» **Work item**
Dropping every picture, set down exactly the lines in the entries below, starting with the line with "Image 1 of Mini" and going on through the line with "Satellite imagery of El Karchouch, DZ".

» **Material provided**
============

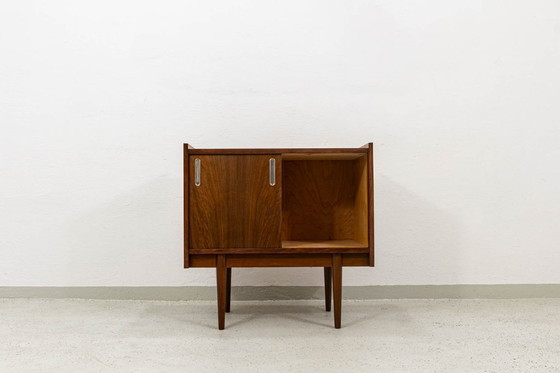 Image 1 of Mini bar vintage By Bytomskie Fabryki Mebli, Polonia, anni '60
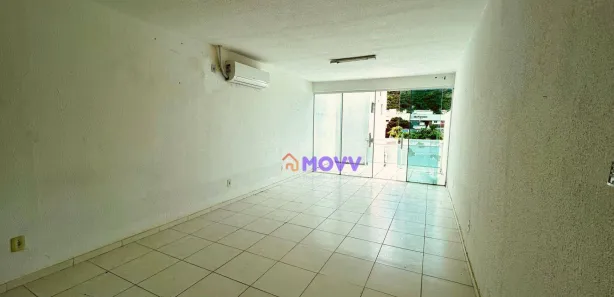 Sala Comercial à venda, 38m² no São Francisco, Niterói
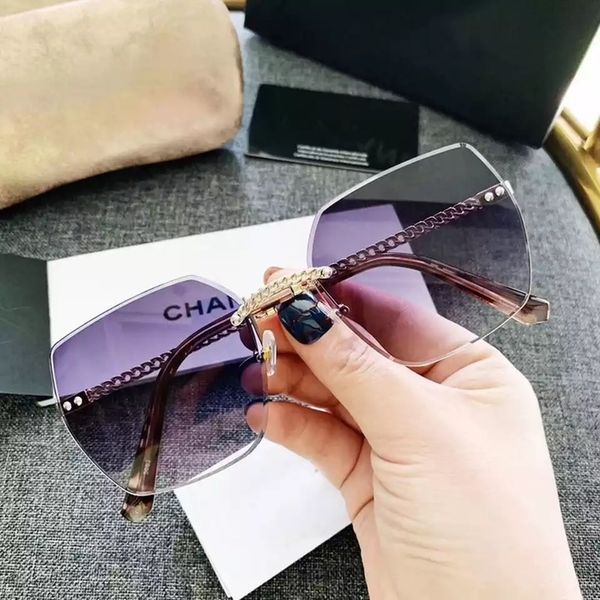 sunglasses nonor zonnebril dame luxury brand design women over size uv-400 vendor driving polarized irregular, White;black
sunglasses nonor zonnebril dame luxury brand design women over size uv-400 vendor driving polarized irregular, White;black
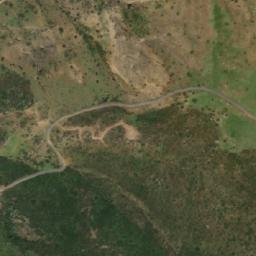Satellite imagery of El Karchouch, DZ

============

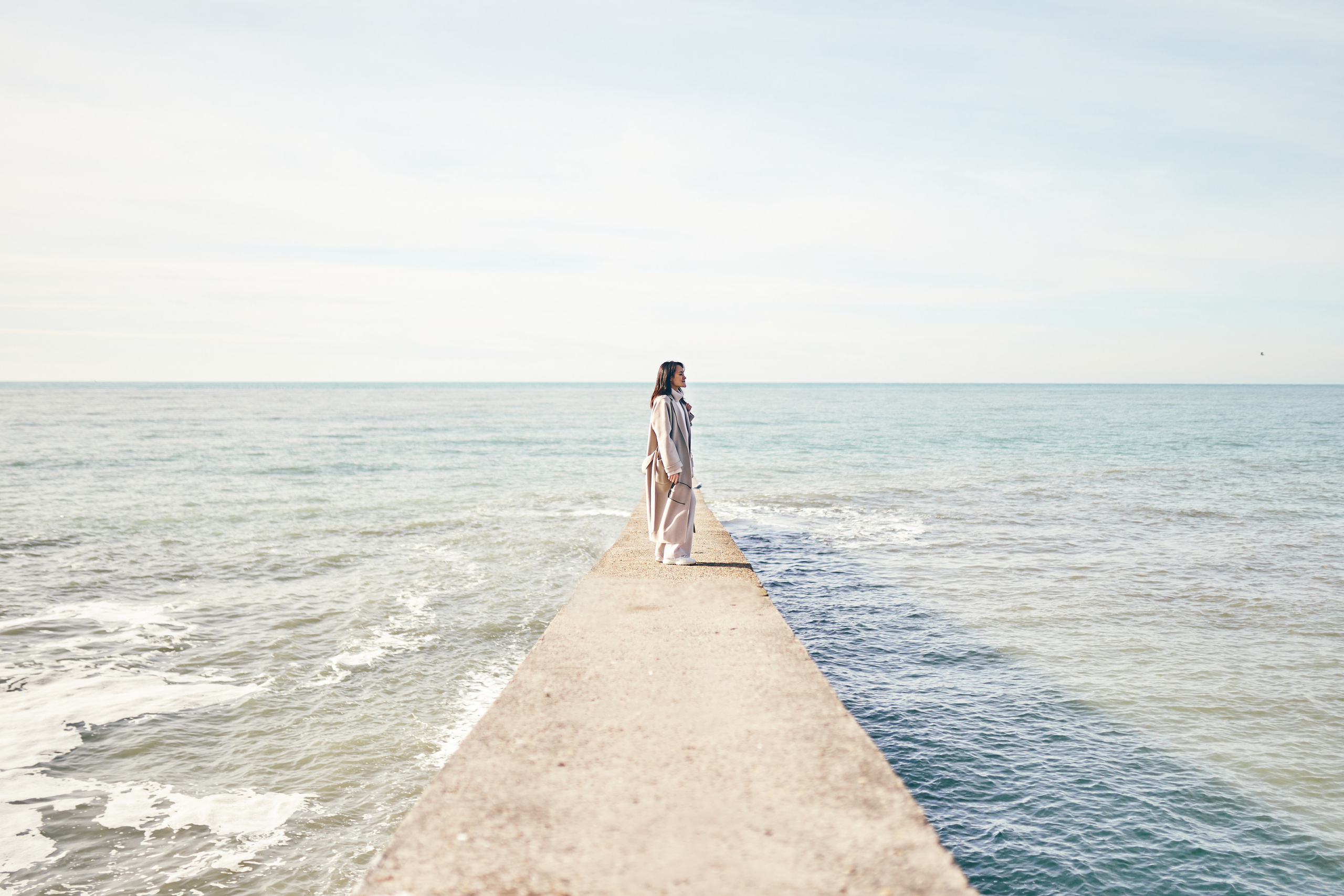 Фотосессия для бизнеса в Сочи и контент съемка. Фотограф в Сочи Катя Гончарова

============

» **Exercise answer**
 Image 1 of Mini bar vintage By Bytomskie Fabryki Mebli, Polonia, anni '60
 Sala Comercial à venda, 38m² no São Francisco, Niterói
 sunglasses nonor zonnebril dame luxury brand design women over size uv-400 vendor driving polarized irregular, White;black
sunglasses nonor zonnebril dame luxury brand design women over size uv-400 vendor driving polarized irregular, White;black
Satellite imagery of El Karchouch, DZ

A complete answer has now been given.